**Work item**
In the material below, find the span from the line with "Obliviously Adopts Cats" to the line with "ENDOTRACHEAL TUBE (ETT)" and transcribe only those lines, exactly, ends included, without the pictures.

**Input data**
* * * * *

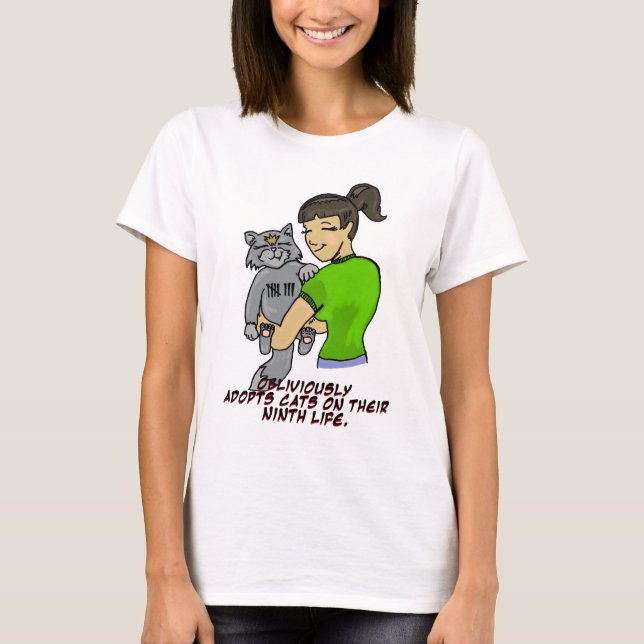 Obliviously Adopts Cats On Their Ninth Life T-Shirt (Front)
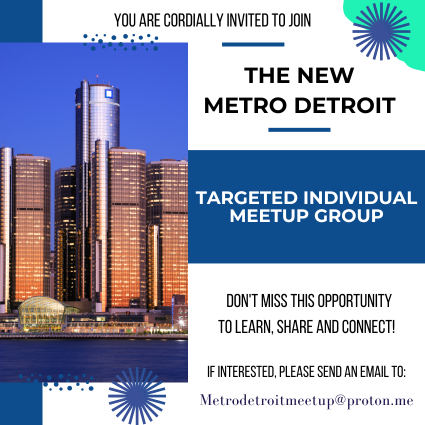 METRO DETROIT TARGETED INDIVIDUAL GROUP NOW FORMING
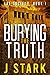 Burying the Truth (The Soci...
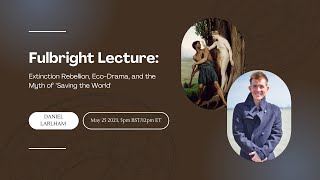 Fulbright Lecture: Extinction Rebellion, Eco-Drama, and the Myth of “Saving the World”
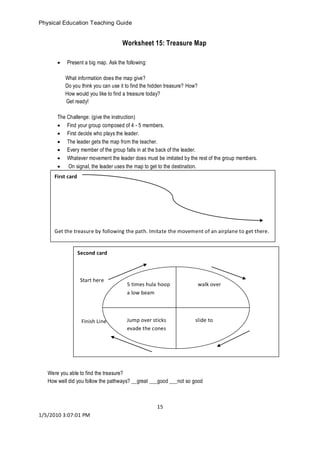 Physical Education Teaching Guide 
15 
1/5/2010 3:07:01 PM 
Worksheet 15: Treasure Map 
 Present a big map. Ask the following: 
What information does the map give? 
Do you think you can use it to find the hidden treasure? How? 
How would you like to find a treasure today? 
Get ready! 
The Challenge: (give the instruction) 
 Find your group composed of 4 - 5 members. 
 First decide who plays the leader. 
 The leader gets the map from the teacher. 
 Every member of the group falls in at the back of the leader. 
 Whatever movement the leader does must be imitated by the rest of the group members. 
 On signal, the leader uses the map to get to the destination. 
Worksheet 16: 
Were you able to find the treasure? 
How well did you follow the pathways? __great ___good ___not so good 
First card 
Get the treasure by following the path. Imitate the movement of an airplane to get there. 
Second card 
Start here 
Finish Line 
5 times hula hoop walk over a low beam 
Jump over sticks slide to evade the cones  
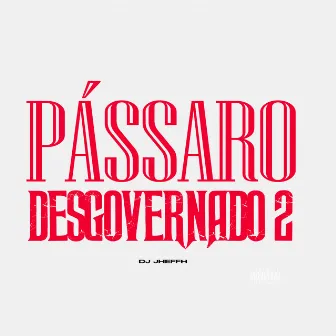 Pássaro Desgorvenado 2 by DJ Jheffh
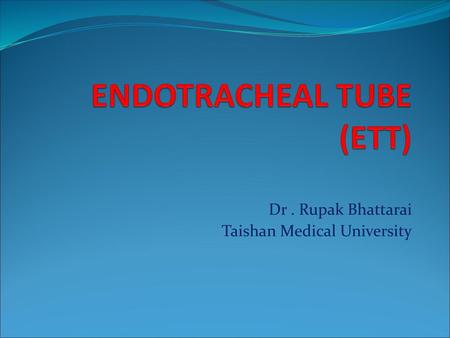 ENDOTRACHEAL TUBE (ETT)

* * * * *

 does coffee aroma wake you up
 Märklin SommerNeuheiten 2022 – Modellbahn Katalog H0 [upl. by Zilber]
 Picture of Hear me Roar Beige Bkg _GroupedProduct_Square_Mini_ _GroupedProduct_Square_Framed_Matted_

* * * * *

**Response to the exercise**
 Obliviously Adopts Cats On Their Ninth Life T-Shirt (Front)
 METRO DETROIT TARGETED INDIVIDUAL GROUP NOW FORMING
 Burying the Truth (The Soci...
 Fulbright Lecture: Extinction Rebellion, Eco-Drama, and the Myth of “Saving the World”
 Physical Education Teaching Guide 
15 
1/5/2010 3:07:01 PM 
Worksheet 15: Treasure Map 
 Present a big map. Ask the following: 
What information does the map give? 
Do you think you can use it to find the hidden treasure? How? 
How would you like to find a treasure today? 
Get ready! 
The Challenge: (give the instruction) 
 Find your group composed of 4 - 5 members. 
 First decide who plays the leader. 
 The leader gets the map from the teacher. 
 Every member of the group falls in at the back of the leader. 
 Whatever movement the leader does must be imitated by the rest of the group members. 
 On signal, the leader uses the map to get to the destination. 
Worksheet 16: 
Were you able to find the treasure? 
How well did you follow the pathways? __great ___good ___not so good 
First card 
Get the treasure by following the path. Imitate the movement of an airplane to get there. 
Second card 
Start here 
Finish Line 
5 times hula hoop walk over a low beam 
Jump over sticks slide to evade the cones  
 Pássaro Desgorvenado 2 by DJ Jheffh
 ENDOTRACHEAL TUBE (ETT)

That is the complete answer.